Elizabeth Algeo, another member of the Raymond Conservation Commission, says this is a regional issue.

“A lot of towns are dealing with development which is aesthetically and environmentally unappealing. Of course, I’m more concerned with the environment than aesthetics.” Even Charlie Cole, who voted against the ordinance, conceded that “there are those who like rural living” and who wish to secure their town from over-development.

In a related issue, the town voted to accept an endowment of $25,000 from Anne and Jack Spiegel of Portland. The money is to be used for the “Anne and Jack Spiegel Fund for Morgan Meadow” wildlife management area. The interest from this endowment will be used to maintain the state-owned refuge and to educate the public in wildlife and forest management.

Town residents also voted to ban parking on the “portion of Mill Street from Main Street to Kings Grant including the traveled way, and paved shoulders.” Town Manager Don Willard said youths have taken to “unwholesome activity” in that area, such as underage drinking and “God knows what else.” Although the ban will prohibit recreational boaters from parking their cars on Mill Street and accessing the water there, the ordinance is intended to prevent youths from participating in illegal or objectionable behavior and to lighten traffic and congestion.

In addition, the Raymond residents approved a Dog Ordinance by a slim margin, whereby canines are to be restrained on a leash and are to be cleaned up after at all times.

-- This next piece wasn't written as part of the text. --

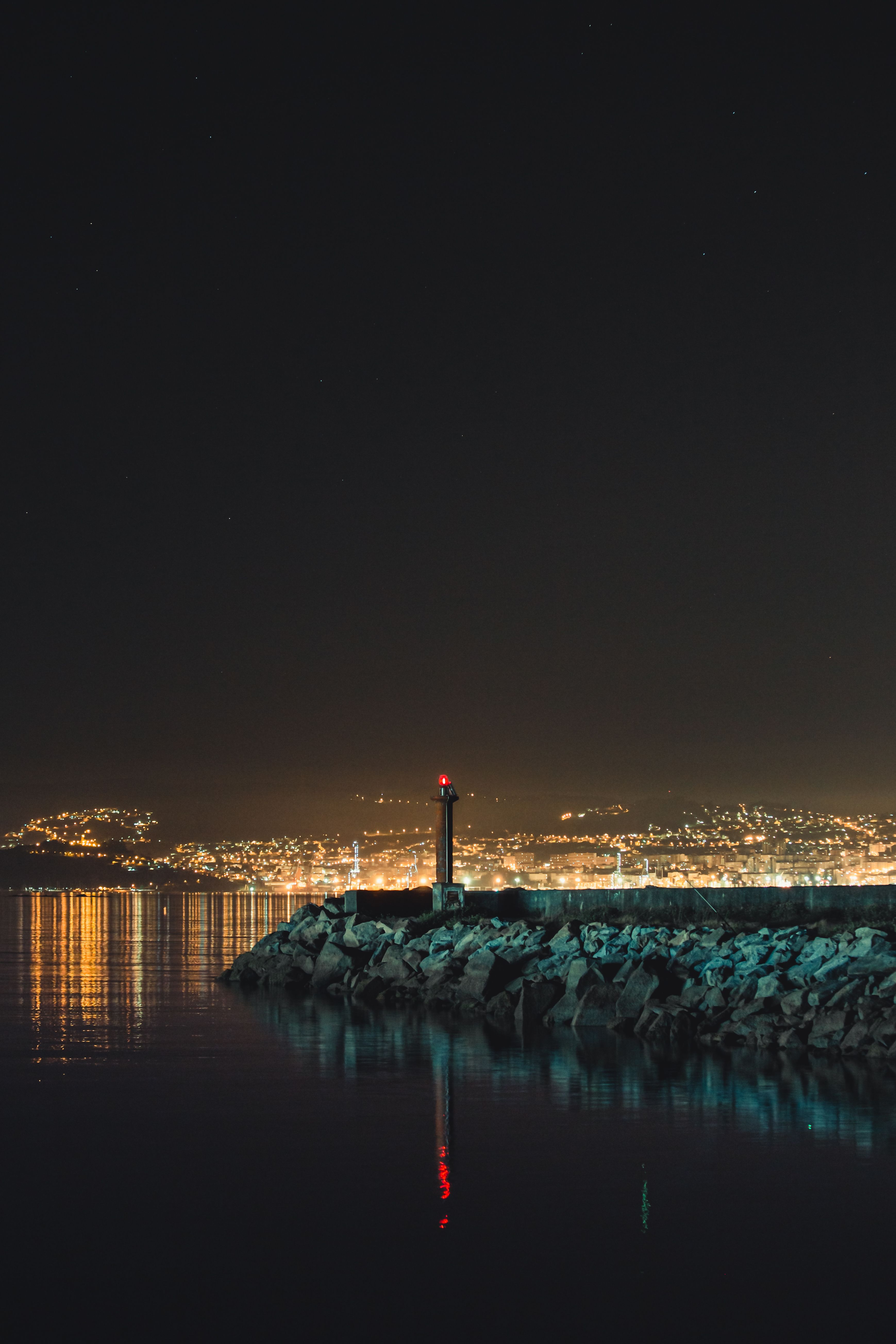 矗立在崎岖海岸上的灯塔风景如画，夜晚灯光在天空下闪烁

According to the ordinance, the windows of cars are not to be lowered enough to allow canines to put their heads outside of the vehicle.

One resident expressed her concern that if the windows are rolled up the animals could certainly perish in the summer heat. There was some debate at the meeting concerning the language of the ordinance, and as to whether dogs are allowed on school property if they are under restraint. Vice Chairman Michael Reynolds said that it was his intention to prevent people from bringing their dogs on school property.

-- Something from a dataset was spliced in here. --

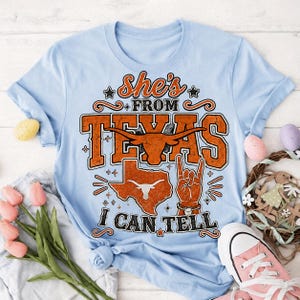May include: A light blue t-shirt featuring the orange text "She's FROM TEXAS I CAN TELL" with a longhorn steer graphic, a map of Texas, and a hand making a "hook 'em horns" gesture. The design includes decorative stars and flourishes.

The town also voted to increase the property tax levy limit, which is required by the Property Tax Limiting Legislation, or LD-1, passed by the Maine Legislature last year. According to Town Manager Willard, a net budget of no more than $1,506,900 can be approved without a town vote. Two separate-yet-related warrant articles – the creation of a road construction and management reserve in the amount of $175,000 and a Fire Department reserve in the amount of $85,000 – both passed. They needed the vote of the town because they were increases to the spending limits allowed by LD-1.

Outgoing Board of Selectmen Chairwoman Betty McDermott was honored by Vice Chairman Michael Reynolds at Saturday’s meeting.

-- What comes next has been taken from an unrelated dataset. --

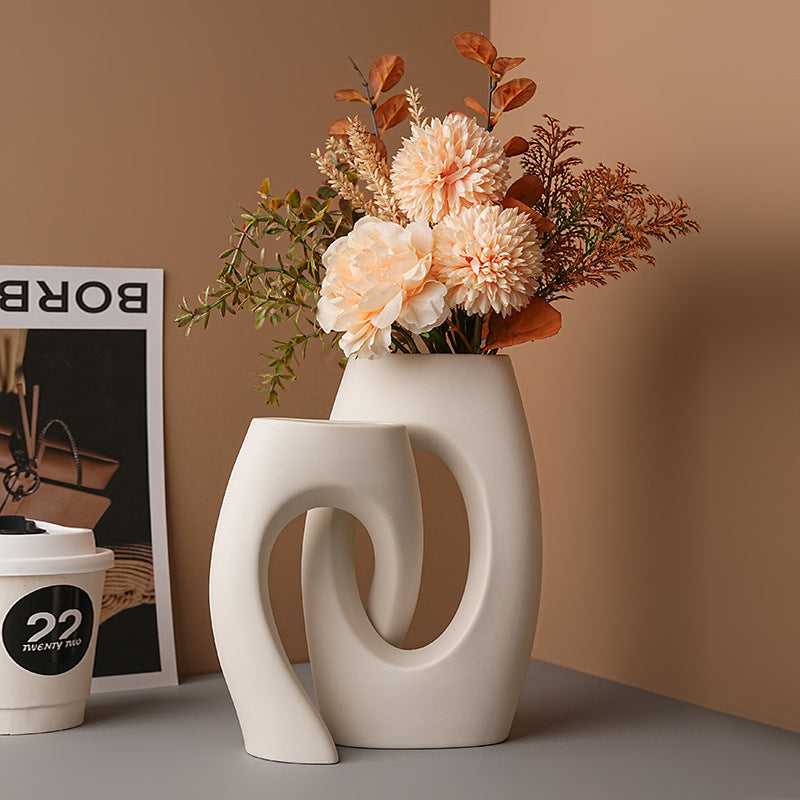White loop vase with autumn floral arrangement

“When I first started out I didn’t know anything,” said Reynolds. “Betty took me under her wing and showed me everything.”

To a standing ovation, McDermott accepted Reynolds’s accolade and a “warm handshake.” When reached at her home in Raymond on Monday, McDermott said she was flattered by Reynolds’s words. “He made me feel special,” she said. “It brought tears to my eyes.”

When asked what is next for McDermott, she responded that she would like to devote more time to the Lions Club and the Raymond Historical Society, both of which she is a charter member. “I would also like to devote more time to my husband,” she laughed.

McDermott, in a final act as chairperson, presented a check in the amount of $7,500 to Howard Styles, Chairman of the Raymond Veterans’ Memorial Committee, for a veterans’ memorial in Raymond, the first in the town’s history. The check was given on behalf of the Raymond Founders’ Day Committee, according to McDermott.